What this task involves> Of all the lines in the entries below, give again exactly those starting at the line containing "image for item" and ending at the line containing "Foto del paso", both ends included, and no others.

*** Task input Section Begins ***

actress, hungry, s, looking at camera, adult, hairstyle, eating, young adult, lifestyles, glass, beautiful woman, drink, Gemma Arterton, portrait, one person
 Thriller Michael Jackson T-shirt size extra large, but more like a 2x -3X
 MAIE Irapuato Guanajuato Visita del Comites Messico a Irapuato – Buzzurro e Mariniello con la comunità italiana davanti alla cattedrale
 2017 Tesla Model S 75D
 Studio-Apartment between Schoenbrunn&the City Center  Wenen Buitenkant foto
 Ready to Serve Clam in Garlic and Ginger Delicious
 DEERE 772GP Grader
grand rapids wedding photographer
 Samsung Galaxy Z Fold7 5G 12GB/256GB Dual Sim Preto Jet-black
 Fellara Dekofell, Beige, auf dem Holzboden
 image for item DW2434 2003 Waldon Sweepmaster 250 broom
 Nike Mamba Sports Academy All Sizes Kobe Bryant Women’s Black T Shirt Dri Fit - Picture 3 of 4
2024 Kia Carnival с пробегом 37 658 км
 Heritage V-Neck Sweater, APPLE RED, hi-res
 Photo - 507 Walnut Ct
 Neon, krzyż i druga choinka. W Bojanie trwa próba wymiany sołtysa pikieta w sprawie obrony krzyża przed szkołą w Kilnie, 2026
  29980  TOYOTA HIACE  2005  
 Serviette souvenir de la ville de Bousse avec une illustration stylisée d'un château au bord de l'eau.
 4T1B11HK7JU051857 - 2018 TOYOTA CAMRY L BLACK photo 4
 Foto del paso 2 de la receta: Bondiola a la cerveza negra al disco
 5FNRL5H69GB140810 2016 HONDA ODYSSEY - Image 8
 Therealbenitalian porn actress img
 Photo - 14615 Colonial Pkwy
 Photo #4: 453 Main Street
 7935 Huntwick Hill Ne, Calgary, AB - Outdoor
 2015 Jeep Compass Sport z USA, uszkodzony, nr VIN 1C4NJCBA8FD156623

*** Task input Section Ends ***

Answer for this exercise>
 image for item DW2434 2003 Waldon Sweepmaster 250 broom
 Nike Mamba Sports Academy All Sizes Kobe Bryant Women’s Black T Shirt Dri Fit - Picture 3 of 4
2024 Kia Carnival с пробегом 37 658 км
 Heritage V-Neck Sweater, APPLE RED, hi-res
 Photo - 507 Walnut Ct
 Neon, krzyż i druga choinka. W Bojanie trwa próba wymiany sołtysa pikieta w sprawie obrony krzyża przed szkołą w Kilnie, 2026
  29980  TOYOTA HIACE  2005  
 Serviette souvenir de la ville de Bousse avec une illustration stylisée d'un château au bord de l'eau.
 4T1B11HK7JU051857 - 2018 TOYOTA CAMRY L BLACK photo 4
 Foto del paso 2 de la receta: Bondiola a la cerveza negra al disco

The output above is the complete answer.